• Exercise aim:
In the listing below, locate the lines that hold "with" and copy them.

• Task input:
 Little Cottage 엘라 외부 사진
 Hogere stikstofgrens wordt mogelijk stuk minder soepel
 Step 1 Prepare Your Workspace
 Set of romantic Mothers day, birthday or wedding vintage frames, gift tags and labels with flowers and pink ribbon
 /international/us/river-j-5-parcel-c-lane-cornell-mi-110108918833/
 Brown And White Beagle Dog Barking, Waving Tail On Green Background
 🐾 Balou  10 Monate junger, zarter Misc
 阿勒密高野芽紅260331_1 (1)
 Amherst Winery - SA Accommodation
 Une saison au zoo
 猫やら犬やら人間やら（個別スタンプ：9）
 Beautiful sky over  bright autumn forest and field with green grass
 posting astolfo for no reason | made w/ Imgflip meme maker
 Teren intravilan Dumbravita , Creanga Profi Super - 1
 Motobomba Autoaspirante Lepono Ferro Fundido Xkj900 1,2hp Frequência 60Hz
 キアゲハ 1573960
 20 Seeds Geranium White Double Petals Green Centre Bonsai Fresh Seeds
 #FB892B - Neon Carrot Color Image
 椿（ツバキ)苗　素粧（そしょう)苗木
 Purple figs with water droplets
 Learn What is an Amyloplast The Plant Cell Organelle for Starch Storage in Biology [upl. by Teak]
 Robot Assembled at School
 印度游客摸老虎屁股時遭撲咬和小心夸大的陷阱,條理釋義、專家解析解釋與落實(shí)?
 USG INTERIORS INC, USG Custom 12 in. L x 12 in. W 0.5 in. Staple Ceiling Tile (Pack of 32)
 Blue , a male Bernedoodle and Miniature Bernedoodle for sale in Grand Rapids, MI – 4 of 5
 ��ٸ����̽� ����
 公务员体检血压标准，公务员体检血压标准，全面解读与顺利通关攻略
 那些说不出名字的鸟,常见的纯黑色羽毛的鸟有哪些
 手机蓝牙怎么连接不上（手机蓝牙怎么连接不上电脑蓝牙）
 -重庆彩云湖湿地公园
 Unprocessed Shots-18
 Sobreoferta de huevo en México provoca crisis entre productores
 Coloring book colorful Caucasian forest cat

• Exercise output:
 Set of romantic Mothers day, birthday or wedding vintage frames, gift tags and labels with flowers and pink ribbon
 Beautiful sky over  bright autumn forest and field with green grass
 Purple figs with water droplets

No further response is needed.